Itu membuat Kapolri Jenderal Listyo prihatin.
Kapolri di raker Komisi III DPR: "Penurunan ini dipicu serangkaian pelanggaran personel dan pelayanan yang tidak profesional. Tentunya berbagai fenomena ini harus kami perbaiki dengan progres yang konkret."
Dilanjut: "Polri telah melakukan penelitian terkait dengan penyebab penyimpangan-penyimpangan, antara lain penyebab penyimpangan terdiri atas faktor individu dan faktor organisasi."
Dilanjut: "Untuk meminimalkan faktor-faktor tersebut, kami akan melakukan pengawasan sampai dengan titik-titik terkecil atau polsek, agar pelaksanaan tugas Polri berjalan dengan baik."
Pengakuan Kapolri itu sesuatu yang positif. Yang di masa-masa lalu tidak diakui Polri.
Meski, prestasi Polri di 2021 juga luar biasa hebat. Di antaranya, menangkap 370 teroris sebelum mereka beraksi. Juga, mengamankan barang bukti senilai Rp 88 triliun dari kasus narkoba.
Salah satu action Polri di 2022 ialah mengubah nama aplikasi ”Polisiku” menjadi ”Presisi Polri”.
Kalau hanya mengubah nama, apalah artinya. Tapi, itu sekaligus perubahan peningkatan fungsi.

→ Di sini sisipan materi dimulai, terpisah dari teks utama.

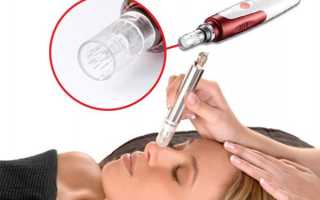 Фракционная мезотерапия: станет ли аппаратное вмешательство полноценной заменой инъекциям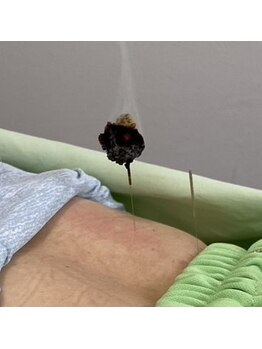 ジェネ鍼灸院/灸頭鍼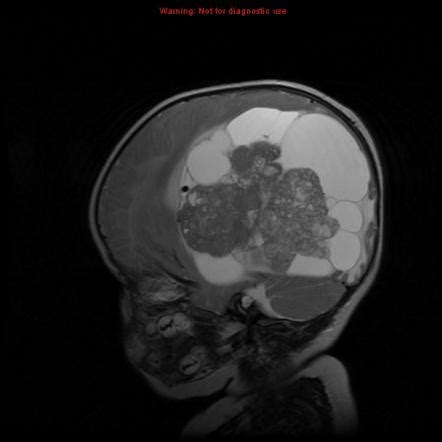 Choroid Plexus Carcinoma Image Radiopaedia Org
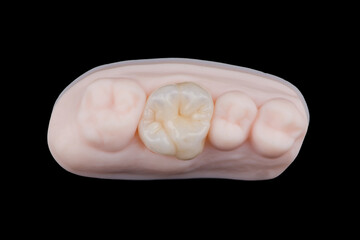 High-quality single dental crown with naturally morphology made of multilayer zirconia for upper jaw © gorynvd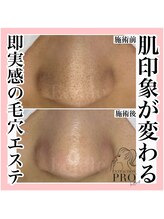 エクラーレ(Eclale)/【毛穴ケア】症例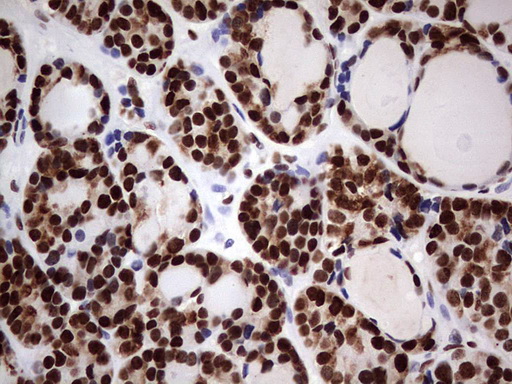 m14016 anti n4bp2l2 mouse monoclonal antibody clone id oti1c8 ihc testing 4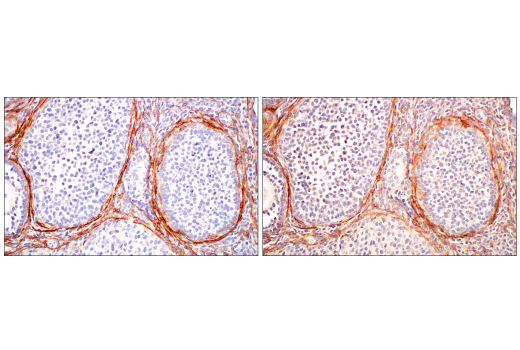 Immunohistochemistry Image 5: TMEM119 (E3W5L) Rabbit Monoclonal Antibody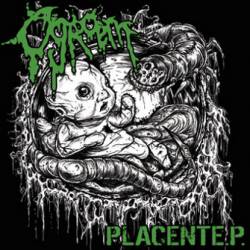 Placent EP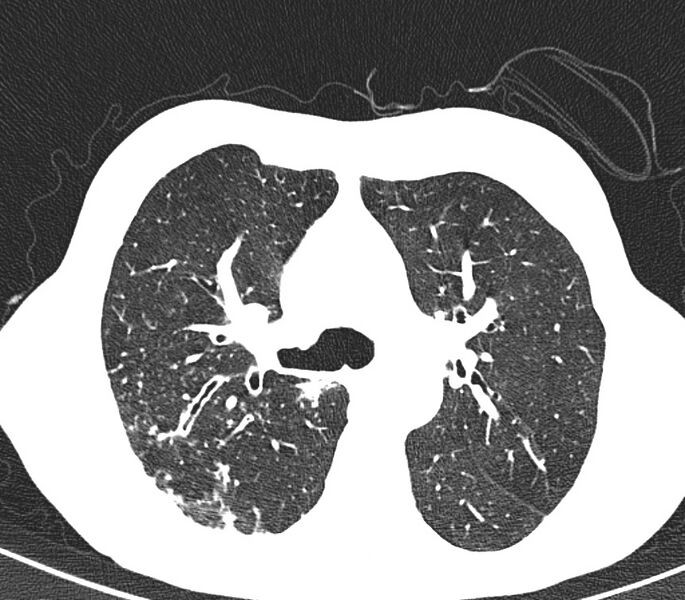File:Bronchiolitis (Radiopaedia 24616-24887 Axial lung window 18).jpg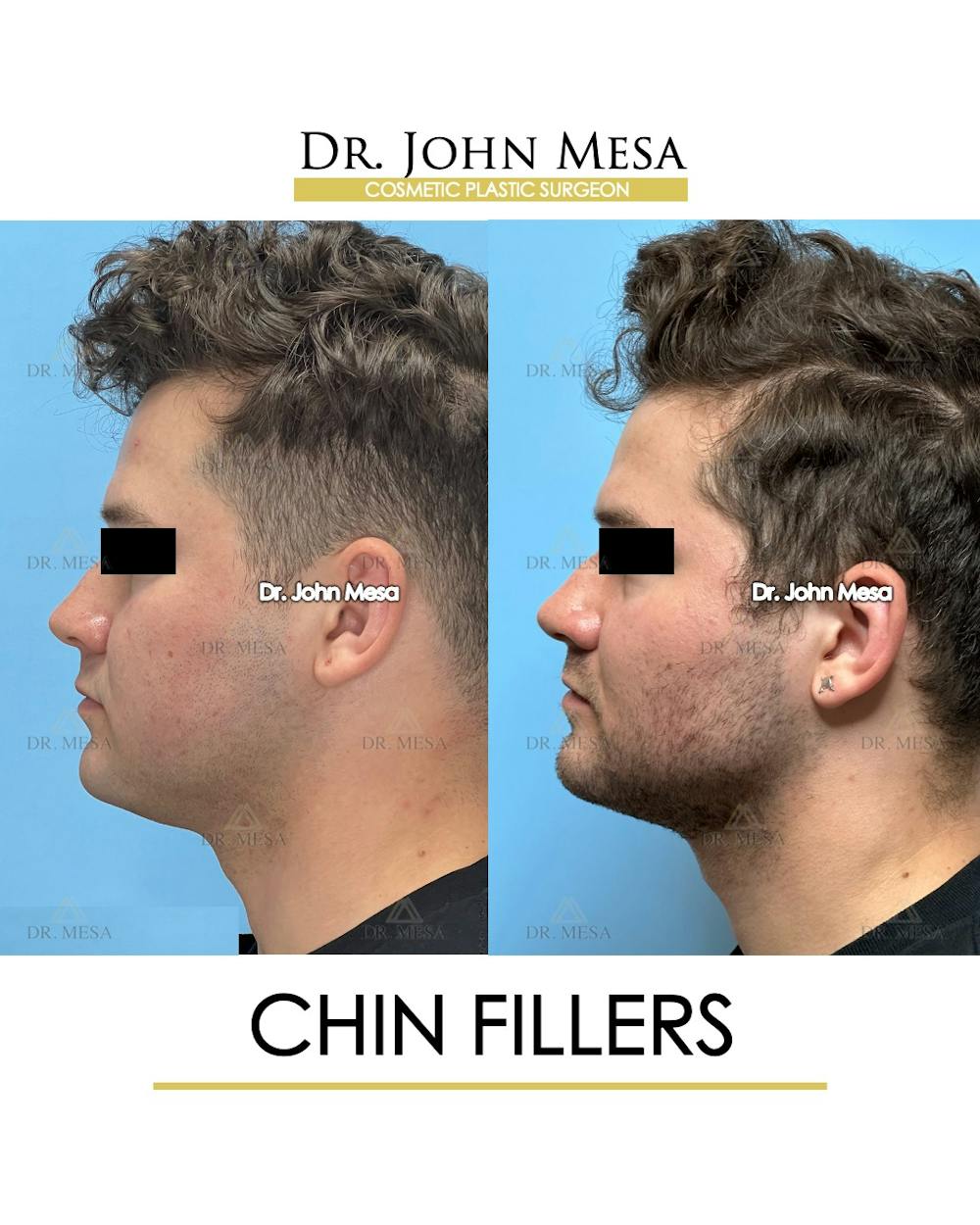 Chin Filler Before & After Gallery - Patient 166208 - Image 6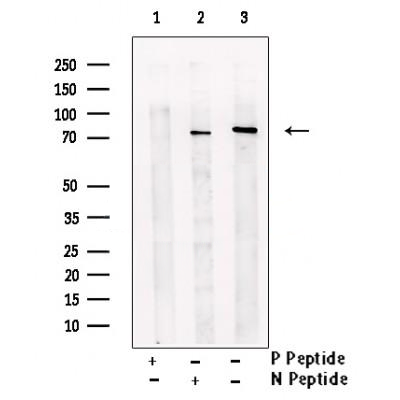 SYK (Phospho-Tyr352) Antibody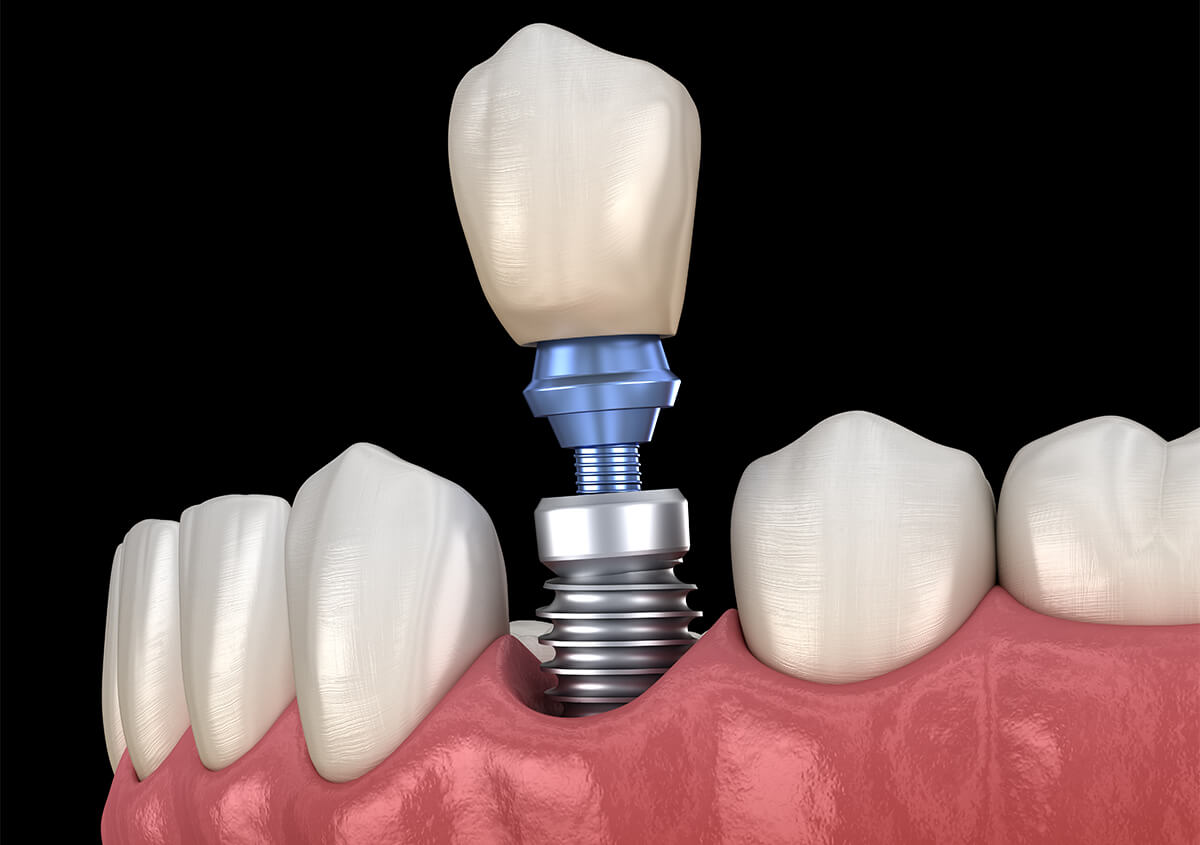 Teeth Implants Dentist in Bolton ON Area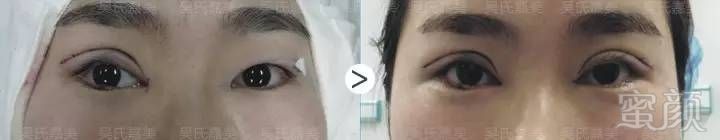 https://img.miyanlife.com/timg/160809/2301553M0-11.jpg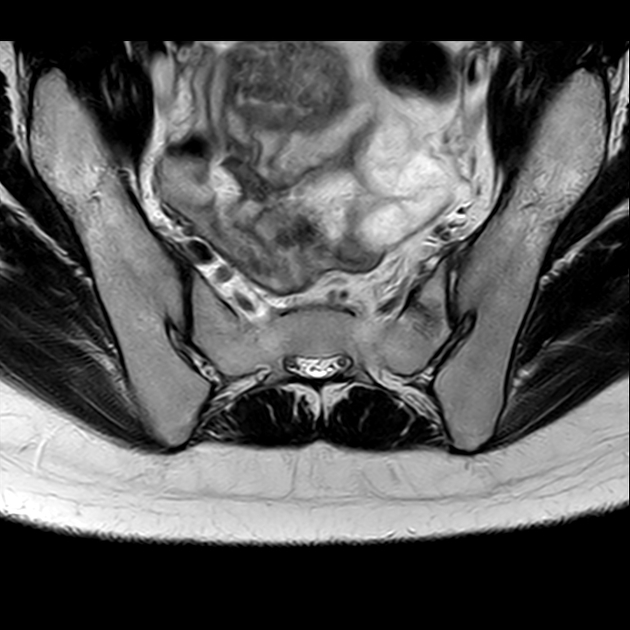 X线发现不了的骶骨骨折，要当心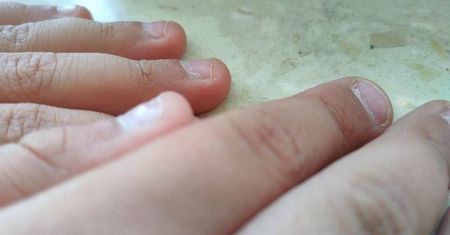 Linie Beau na paznokciach. Mogą świadczyć o przejściu choroby Kawasakiego lub zapalenia płuc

Aplikasi Presisi Polri berfungsi aneka layanan masyarakat. Tidak perlu datang ke kantor polisi seperti dulu.
Kapolri: ”Aplikasi Presisi Polri akan menjadi aplikasi tunggal dengan tingkat keamanan tier empat yang menggabungkan seluruh aplikasi pelayanan kepolisian dalam satu platform. Yaitu, bidang lalu lintas, pembuatan SKCK, pelayanan SPKT, bidang penegakan hukum, dan pengawasan.”
Dilanjut: "Ke depan seluruh pelayanan kepolisian dapat diakses dalam genggaman. Polri akan terus melakukan sosialisasi terhadap pelayanan ini secara masif."
Layanan Polri dalam genggaman (HP) jelas memudahkan masyarakat. Tidak perlu ke kantor polisi. Berarti menghemat waktu. Tidak mungkin ada sogokan atau uang tip ke polisi.
Seumpama ada pelanggaran anggota Polri, masyarakat bisa langsung melapor juga ke situ. Pengawasan Polri pun lebih efektif.